Bangladesh Bank officials attributed the rise to the government’s initiatives to curb hundi, attractive remittance incentives, and improvements in the banking channel, all of which have contributed to stabilizing the country’s foreign exchange reserves.

Consistent Growth in Current Fiscal Year

As per Bangladesh Bank data, monthly remittance inflows in the ongoing 2025–26 fiscal year were: July: $247.78 million, August: $242.19 million, September: $268.58 million, October: $256.35 million.

In the first five months of the fiscal year (July–November), expatriates sent home a total of $13.03 billion, equivalent to around Tk 160,000 crore.

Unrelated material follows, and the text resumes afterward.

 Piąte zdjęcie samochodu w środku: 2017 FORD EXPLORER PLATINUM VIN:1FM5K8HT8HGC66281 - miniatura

Bangladesh also saw record remittances in the 2024–25 fiscal year, receiving $30.33 billion, which is 27 percent higher than the previous fiscal year’s $23.74 billion.

Experts say the consistent increase in remittance earnings is helping stabilize the overall economy, especially by easing pressure on the dollar supply and improving foreign transactions.

The strong upward trend signals growing confidence among expatriates in formal banking channels and the effectiveness of government policies aimed at boosting remittance inflow.